Das kann man albern finden, aber die Reaktion gibt dem Roboter eine menschliche Komponente: Das Service-Gespräch ist persönlich, empathisch, humorvoll und vor allem freundlich. Der Chat mit Maschinen ist nicht mehr nur ein Austausch von Informationen, sondern wird zum netten Plausch.
Alles in einer App
Facebook schafft damit nicht nur eine Bindung zwischen Firmen und ihren Kunden, sondern macht sich selbst unabkömmlich. Was das bedeutet, formulierte CEO Mark Zuckerberg auf der F8 so: „Menschen müssen nie wieder eine App installieren, um Blumen zu bestellen.“ In diesem Satz steckt eine Strategie, die einen Nachteil gegenüber Google und Apple kompensieren könnte: Geht es nach Facebook, braucht es kein mobiles Betriebssystem und keinen App-Store mehr. Das soziale Netzwerk erfüllt alles auf einmal.
Facebook hat dabei die Signale des Markts verstanden: Messenger haben sich als wichtigste App-Gattung entpuppt, allein im vergangenen Jahr benutzten 1,4 Milliarden Menschen mobile Chat-Programme. Gleichzeitig zeigt sich, dass der App-Markt gesättigt ist und es immer weniger Anwendungen auf die Homescreens der Smartphone-Nutzer schaffen. Zu kleinteilig sind die Angebote, zudem fressen sie Speicher und Energie. Apps, die nicht regelmäßig genutzt werden, fliegen nach wenigen Tagen wieder vom Smartphone. Für Entwickler lohnt es sich somit kaum noch, mobile Apps zu programmieren. Wenn sie es trotzdem machen, dann vor allem, um in App-Stores dabei zu sein.
Mit dem neuen Messenger-Angebot könnte sich das ändern: Die Kalifornier entwickeln eine Art Betriebssystem in einem Betriebssystem, das – ausgestattet mit Facebooks intelligenter Assistenz-Software „M“ – sogar Dienstleistungen erfüllen könnte. Fragt ein Nutzer im Messenger nach dem Wetter, könnte Facebook ihn künftig direkt mit dem Chat-Bot von Poncho verbinden, der wiederum anhand der GPS-Daten den Standort ermittelt und antwortet.

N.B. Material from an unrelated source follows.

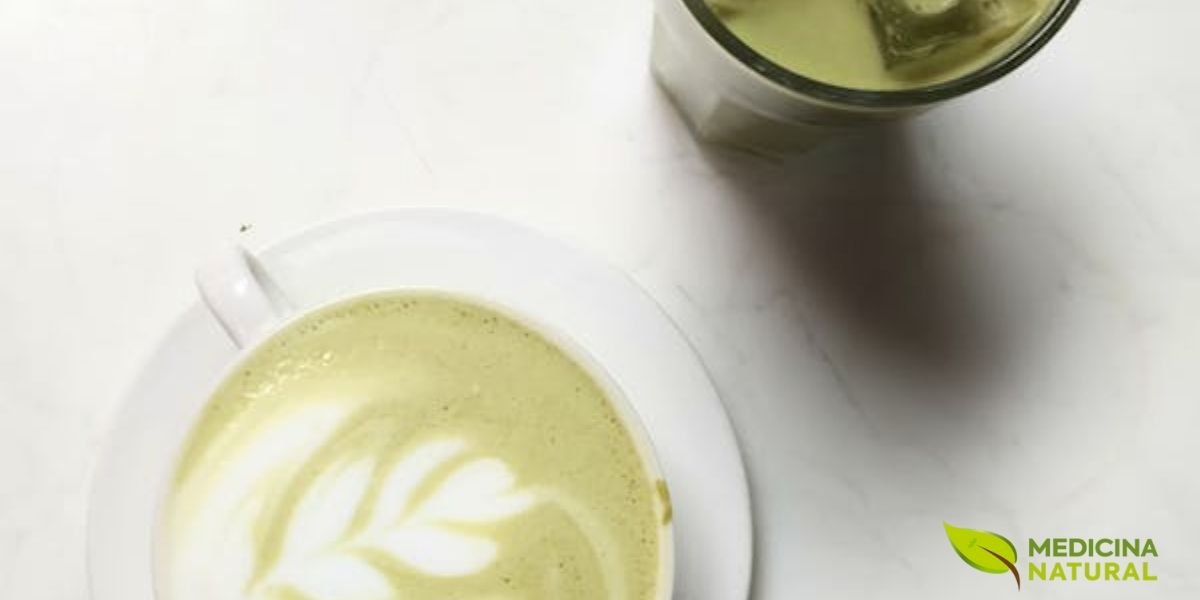 Matcha latte servido em copos de vidro transparente, permitindo apreciar as camadas de cor e a arte do latte. A combinação de Matcha com leite vaporizado cria uma bebida cremosa e nutritiva, mantendo os benefícios antioxidantes do EGCG enquanto suaviza o sabor umami característico do Matcha cerimonial.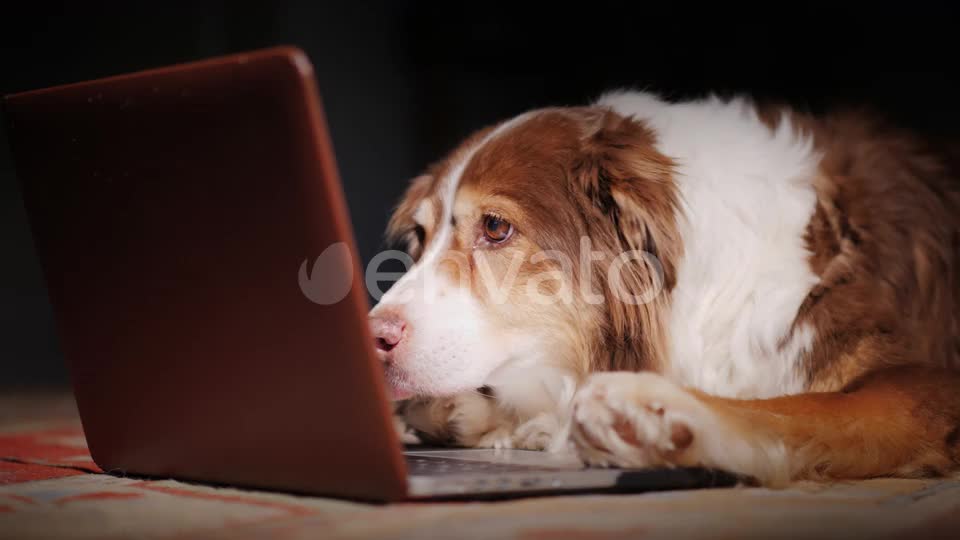 The Dog Reads the News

Ein Telefoncomputer im neuen Gewand
Das Potenzial dieser Technologie haben auch Beobachter der Branche erkannt. Jens Wiese, der das Marketing-Blog Allfacebook.de zusammen mit Philipp Roth betreibt, verfolgt Facebooks Schritte seit Jahren und glaubt, dass die Öffnung des Messengers für Unternehmen eine gute Entwicklung ist: „Chat-Bots sind perfekt für einfache standardisierte Aufgaben wie etwa Flug-Check-Ins, Wettervorhersagen oder Taxi-Bestellungen“, sagt er.
Dennoch rät er von zu großem Eifer ab: Ein Chat-Bot sei „keine Möglichkeit, einen bestehenden Kundendienst-Kanal komplett an eine Maschine auszulagern, sondern vielmehr ein Telefoncomputer in neuem Gewand“. Genauso wie es bei Telefoncomputern immer die Möglichkeit gibt, sich am Ende mit einem echten Mitarbeiter verbinden zu lassen, sollte es auch bei Chat-Bots einen Fallback zum echten Kundenservice geben, mahnt er.
Für Firmen dürfte die Mischung aus beidem interessant sein: Der Messenger als Ort, an dem sich Marken und Kunden begegnen, um komplexe Probleme zu lösen, und als Ort, an dem einfache Kundenwünsche automatisiert und freundlich erfüllt werden können. Dass auch die Nutzer dem Angebot offen gegenüber stehen, zeigt eine t3n-Umfrage: Demnach begrüßen 44 Prozent der Befragten die steigende Präsenz von Unternehmen im Messenger grundsätzlich. 31 Prozent schränkten ein, dass sie an Bord sind, solange sie keiner Werbung ausgesetzt seien.
Ob die Kommerzialisierung zum Erfolg wird, hängt auch davon ab, wie einfach Entwickler ihre eigenen Hilfsprogramme veröffentlichen können. Bisher sind fast nur große Marken am Start.